CGD. Houve erro de perceção, não haverá demissão. Marcelo caucionou

Centeno e António Costa pediram a Marcelo uma espécie de “atestado político” para evitar a demissão do ministro das Finanças. Marcelo deu, mas não quis falar sobre isso

Segunda-feira, 13 de fevereiro, hora do almoço. O ministro das Finanças, Mário Centeno, entra em Belém para uma reunião com o Presidente da República. Objetivo: explicar ao chefe de Estado como vai tentar desenvencilhar-se da polémica que o tem vindo a fragilizar nas últimas semanas. 

Não é só Centeno que pede a caução de Marcelo para o que iria fazer depois – uma conferência de imprensa onde admitiu que pudesse ter existido “um erro de percepção mútuo” que possa ter induzido António Domingues a convencer-se de que o governo iria desobrigar os gestores da Caixa da apresentação da declaração de rendimentos ao Tribunal Constitucional. Da República Centro-Africana, onde se encontra em visita oficial, António Costa também telefona ao Presidente da República. Objetivo: envolver Marcelo na renovação dos votos de confiança política no seu ministro das Finanças. 

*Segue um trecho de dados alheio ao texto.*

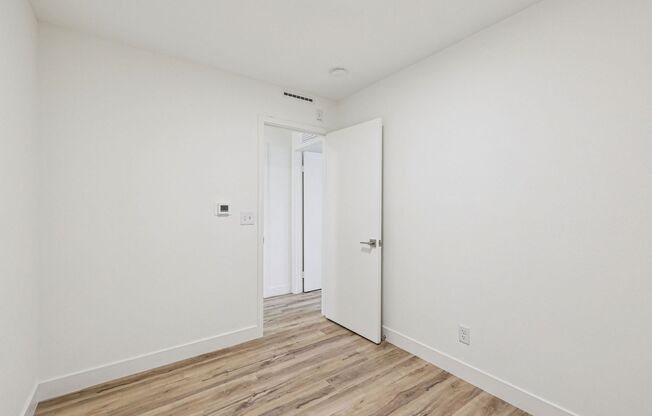 3 beds, 2 baths, 1,200 sqft, $3,695, Unit 403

Apesar de se ter desdobrado nos últimos dias em manifestações de confiança a Mário Centeno, o primeiro-ministro desta vez subiu um degrau – pediu a Marcelo um ámen e publicitou-o. “Tendo lido a comunicação do senhor ministro das Finanças e após contacto com Sua Excelência o Presidente da República, entendo confirmar a minha confiança no professor Mário Centeno no exercício das suas funções governativas”, reza assim o início do comunicado do gabinete do primeiro-ministro, divulgado pouco depois do ministro das Finanças ter acabado a sua conferência de imprensa. 

No resto do texto, Costa desdobra-se em elogios aos sucessos de Centeno como ministro das Finanças. “Sob sua responsabilidade direta, Portugal logrou, em 2016, a estabilização do setor financeiro. As condições do setor bancário são hoje substancialmente melhores do que as que encontrámos em dezembro de 2015”, diz Costa, repetindo que “a tudo isto se soma a melhoria da economia real”. 

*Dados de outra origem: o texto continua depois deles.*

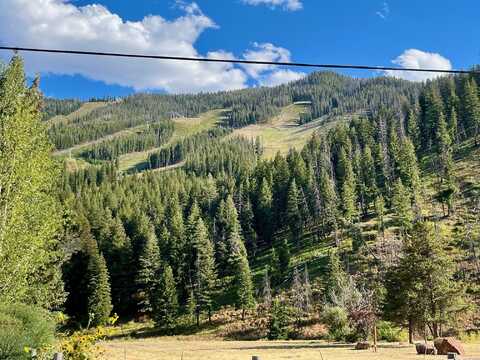 3312* Warm Springs Rd, Ketchum, ID 83340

“Em 2016, o professor Mário Centeno conseguiu o melhor exercício orçamental da nossa vida democrática, no quadro de uma reorientação da política económica, que permitiu a devolução de rendimentos e a criação de condições para o investimento, que se saldou pela aceleração do crescimento e melhorias significativas na criação de emprego”, lê-se ainda no comunicado do gabinete do primeiro-ministro. “Este esforço tem de prosseguir a par do processo de estabilização do setor financeiro”. Para António Costa, com a bênção de Marcelo, está “esclarecida a lisura da atuação do governo” e nada justifica pôr em causa a estabilidade governativa e a continuidade da sua política, para o que o contributo do professor Mário Centeno continua a ser de grande valia”. 

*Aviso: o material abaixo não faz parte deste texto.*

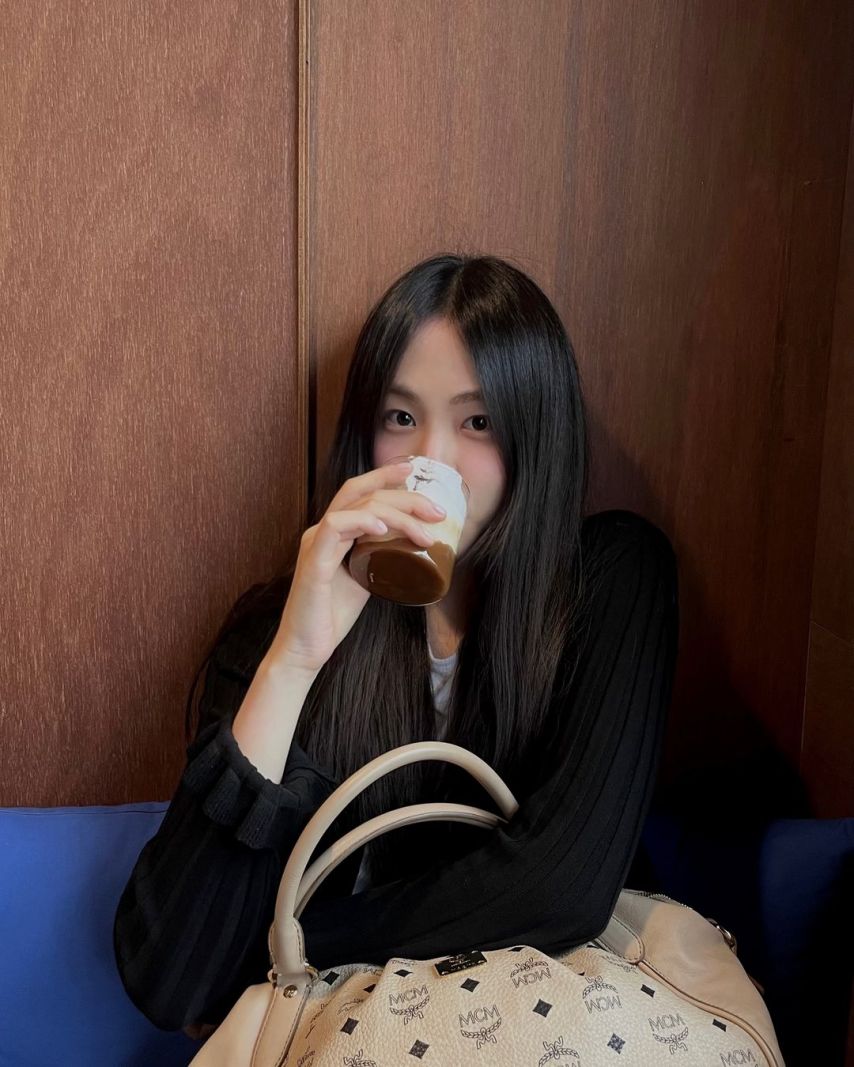 앨리스 이제이1_7.jpg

Marcelo, no teatro de São Carlos, recusou a responder a qualquer pergunta sobre o episódio Centeno – apesar de horas antes de lhe ter renovado a confiança política, segundo o comunicado do gabinete do primeiro-ministro. O Presidente está entre dois fogos: por um lado, está consciente da trapalhada em que o ministro se meteu e na semana passada chegou a admitir que, caso aparecesse um papel escrito, a sua reação perante o caso podia ser diferente. Por outro, acha que perante as instituições europeias a saída de cena do ministro das Finanças seria neste momento desastrosa. No entanto, recusou-se a acompanhar publicamente a renovação da confiança em Centeno. “Sobre essa matéria não vou dizer nada”, afirmou aos jornalistas à porta do teatro de São Carlos. 

Na conferência de imprensa em que admitiu que “erros de percepção mútuos” possam “não ter afastado do entendimento do dr. António Domingues” que a isenção de entrega de declarações no TC não se aplicava ao decreto-lei, Mário Centeno não conseguiu dar uma explicação cabal quando questionado sobre o comunicado do Ministério das Finanças de 25 de outubro em que se afirmava não ser “lapso” o facto dos gestores estarem isentos de entregar declarações de rendimentos ao Tribunal Constitucional. 

Mário Centeno reafirmou que a qualquer momento poderia pôr novamente o cargo à disposição: “É evidente que o ministro das Finanças tem que estar dotado da confiança de todos os agentes económicos e sociais nacionais. Sempre e quando isso não acontecer, agirei”.